*** Record extracts Section Begins ***
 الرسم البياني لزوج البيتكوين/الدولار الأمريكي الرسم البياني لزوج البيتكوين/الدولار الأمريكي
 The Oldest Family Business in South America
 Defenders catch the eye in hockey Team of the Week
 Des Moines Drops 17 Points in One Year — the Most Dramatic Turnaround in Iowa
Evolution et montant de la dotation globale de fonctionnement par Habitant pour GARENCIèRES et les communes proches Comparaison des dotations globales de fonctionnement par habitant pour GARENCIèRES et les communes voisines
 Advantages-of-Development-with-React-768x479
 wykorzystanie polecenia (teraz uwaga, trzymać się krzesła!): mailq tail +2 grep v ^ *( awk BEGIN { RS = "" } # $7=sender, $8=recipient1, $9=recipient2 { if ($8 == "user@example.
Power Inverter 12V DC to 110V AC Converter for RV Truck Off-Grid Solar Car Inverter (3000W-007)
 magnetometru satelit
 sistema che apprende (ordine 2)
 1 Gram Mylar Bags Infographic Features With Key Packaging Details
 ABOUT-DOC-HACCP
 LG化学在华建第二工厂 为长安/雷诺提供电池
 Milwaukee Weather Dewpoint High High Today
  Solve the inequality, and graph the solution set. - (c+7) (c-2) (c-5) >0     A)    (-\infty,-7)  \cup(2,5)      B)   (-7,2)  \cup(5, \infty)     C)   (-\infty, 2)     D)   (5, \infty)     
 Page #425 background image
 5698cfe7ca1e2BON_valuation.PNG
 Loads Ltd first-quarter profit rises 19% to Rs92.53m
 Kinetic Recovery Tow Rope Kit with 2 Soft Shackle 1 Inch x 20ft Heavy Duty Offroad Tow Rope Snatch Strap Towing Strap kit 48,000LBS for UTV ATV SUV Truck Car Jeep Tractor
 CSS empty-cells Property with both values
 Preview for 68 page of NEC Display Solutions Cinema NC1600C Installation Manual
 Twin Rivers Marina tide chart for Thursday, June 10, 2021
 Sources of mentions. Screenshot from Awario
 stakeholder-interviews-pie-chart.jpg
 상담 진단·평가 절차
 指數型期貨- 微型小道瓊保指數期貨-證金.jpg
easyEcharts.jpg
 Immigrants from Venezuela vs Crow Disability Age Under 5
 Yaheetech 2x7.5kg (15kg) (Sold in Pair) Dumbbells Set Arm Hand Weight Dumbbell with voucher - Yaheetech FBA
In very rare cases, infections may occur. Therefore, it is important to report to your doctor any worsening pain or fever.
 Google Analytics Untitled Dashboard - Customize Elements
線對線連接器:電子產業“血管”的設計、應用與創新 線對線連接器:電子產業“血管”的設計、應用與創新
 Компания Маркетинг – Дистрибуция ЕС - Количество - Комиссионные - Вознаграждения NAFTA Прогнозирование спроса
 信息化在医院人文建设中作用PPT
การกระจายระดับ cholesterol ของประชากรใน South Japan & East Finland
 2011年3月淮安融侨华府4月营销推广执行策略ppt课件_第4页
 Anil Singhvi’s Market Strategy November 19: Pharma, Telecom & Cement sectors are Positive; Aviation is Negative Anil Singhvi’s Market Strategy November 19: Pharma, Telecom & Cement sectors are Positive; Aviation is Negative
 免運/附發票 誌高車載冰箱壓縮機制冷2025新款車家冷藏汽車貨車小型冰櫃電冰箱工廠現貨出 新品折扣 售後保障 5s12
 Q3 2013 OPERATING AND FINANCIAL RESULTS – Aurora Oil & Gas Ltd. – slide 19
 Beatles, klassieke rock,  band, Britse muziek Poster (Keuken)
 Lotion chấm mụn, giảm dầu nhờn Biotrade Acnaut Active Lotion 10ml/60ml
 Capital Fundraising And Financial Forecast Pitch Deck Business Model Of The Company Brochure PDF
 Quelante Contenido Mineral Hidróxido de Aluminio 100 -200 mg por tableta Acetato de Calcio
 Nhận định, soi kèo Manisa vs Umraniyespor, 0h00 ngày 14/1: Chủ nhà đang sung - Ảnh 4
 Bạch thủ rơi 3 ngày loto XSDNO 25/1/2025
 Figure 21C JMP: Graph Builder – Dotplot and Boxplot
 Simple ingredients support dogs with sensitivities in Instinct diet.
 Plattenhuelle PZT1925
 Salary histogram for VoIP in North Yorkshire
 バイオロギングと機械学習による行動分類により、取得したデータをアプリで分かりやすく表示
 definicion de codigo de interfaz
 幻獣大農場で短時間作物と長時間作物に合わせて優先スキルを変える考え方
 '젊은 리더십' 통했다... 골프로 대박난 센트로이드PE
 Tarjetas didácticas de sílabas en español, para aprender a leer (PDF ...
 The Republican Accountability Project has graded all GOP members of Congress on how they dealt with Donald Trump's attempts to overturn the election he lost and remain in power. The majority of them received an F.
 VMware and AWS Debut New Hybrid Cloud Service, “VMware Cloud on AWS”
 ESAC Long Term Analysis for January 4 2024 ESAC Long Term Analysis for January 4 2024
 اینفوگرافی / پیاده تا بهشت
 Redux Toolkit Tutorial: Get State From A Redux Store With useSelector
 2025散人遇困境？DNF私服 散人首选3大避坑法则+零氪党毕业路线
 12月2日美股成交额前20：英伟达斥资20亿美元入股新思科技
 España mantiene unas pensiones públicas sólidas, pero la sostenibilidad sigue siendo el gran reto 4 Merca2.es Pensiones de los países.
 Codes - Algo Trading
*** Record extracts Section Ends ***
**Exercise objective:** If the string "ngày" is in a line of the entries, pick that line out.

**Response to this task:**
 Nhận định, soi kèo Manisa vs Umraniyespor, 0h00 ngày 14/1: Chủ nhà đang sung - Ảnh 4
 Bạch thủ rơi 3 ngày loto XSDNO 25/1/2025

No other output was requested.